[Data records]
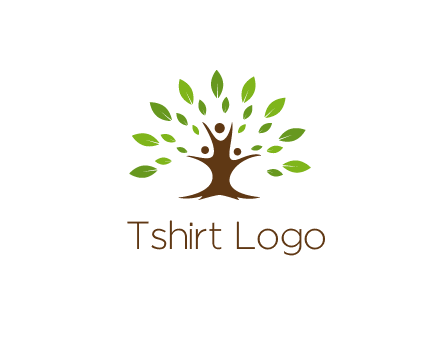 people forming a tree for a NGO or therapy logo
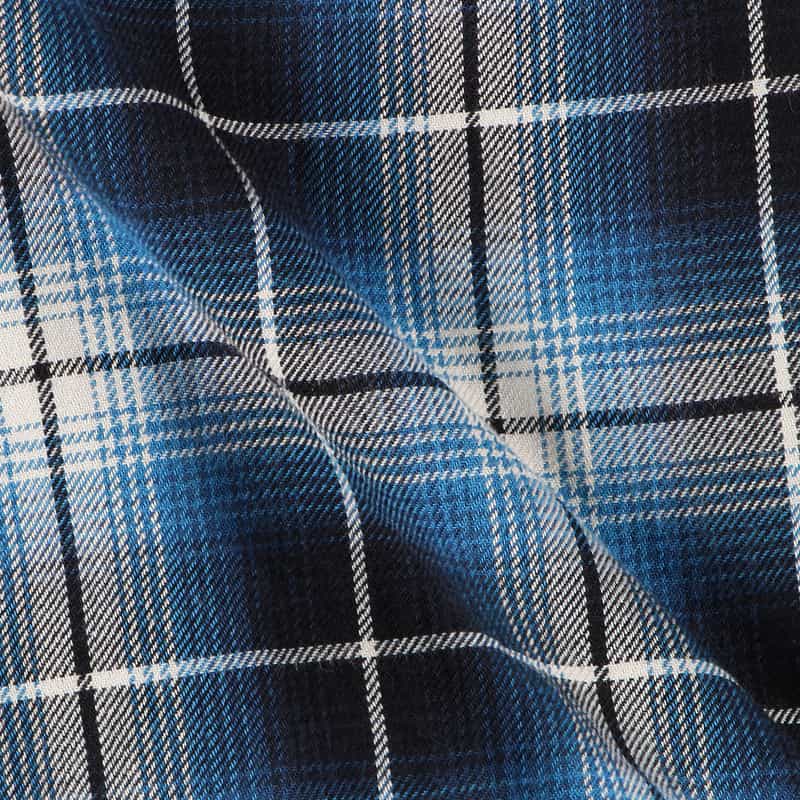 RAFU バーニーズ ニューヨーク限定チェック柄シャツ BLUE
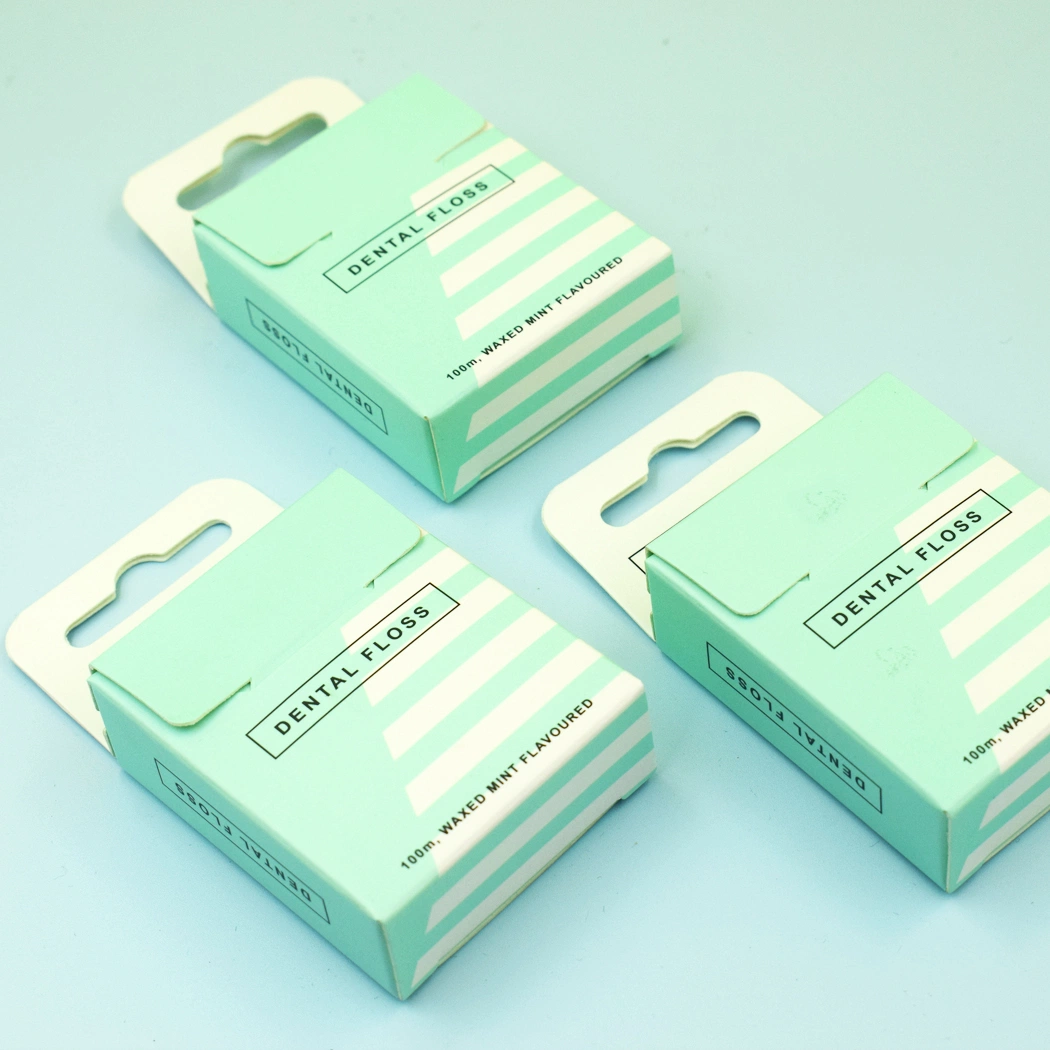Eco-Friendly 100m Wax Floss with Natural Mint Flavoring Dental Floss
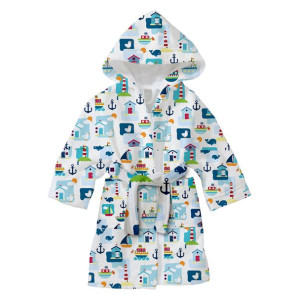 Детски халат за баня Морето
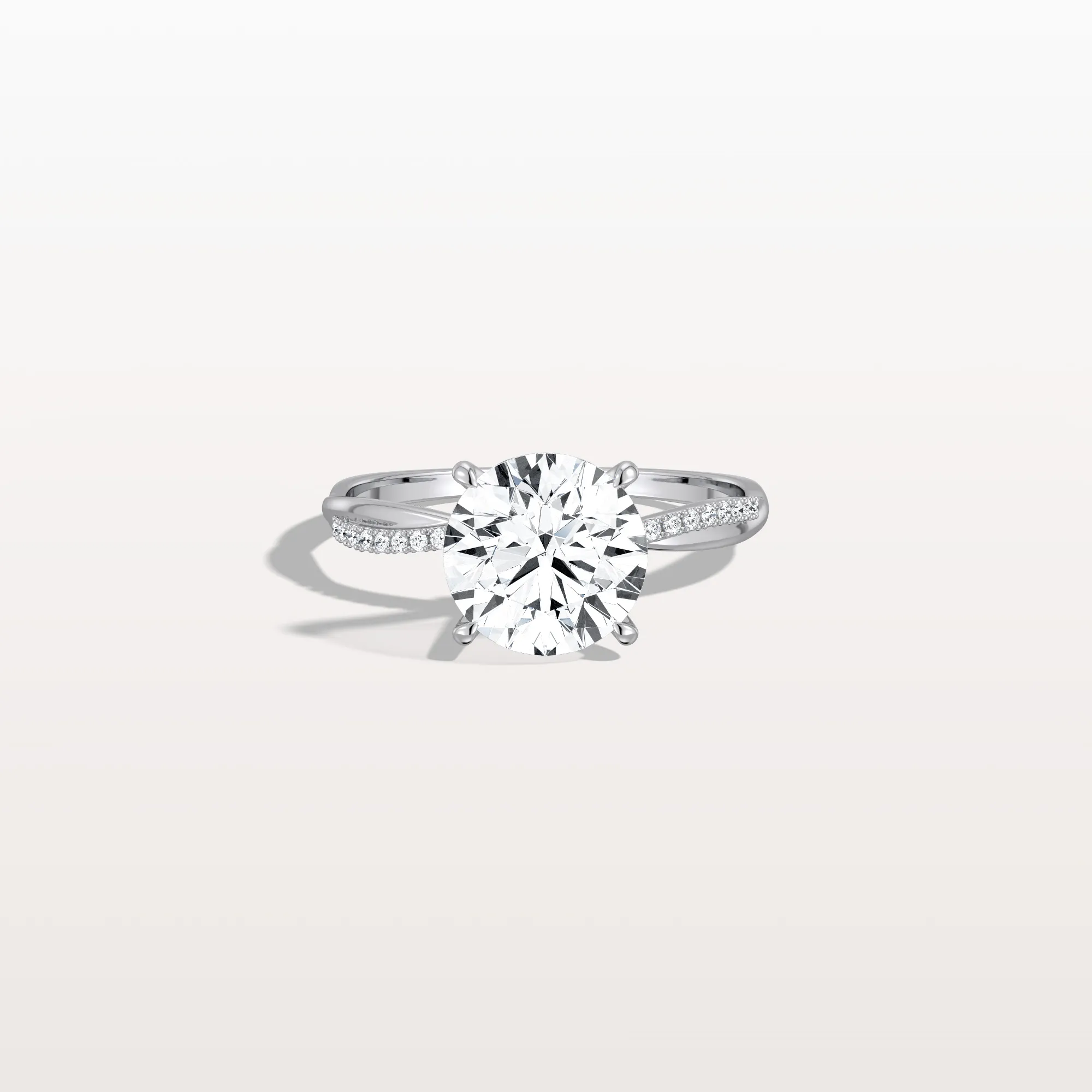 Alina丨2CT Twisted Engagement Ring with Round Lab Grown Diamond - Image 23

What you need to do >>
Output nothing but the records above, word for word, with the pictures removed.

Task solution >>
 people forming a tree for a NGO or therapy logo
 RAFU バーニーズ ニューヨーク限定チェック柄シャツ BLUE
Eco-Friendly 100m Wax Floss with Natural Mint Flavoring Dental Floss
 Детски халат за баня Морето
 Alina丨2CT Twisted Engagement Ring with Round Lab Grown Diamond - Image 23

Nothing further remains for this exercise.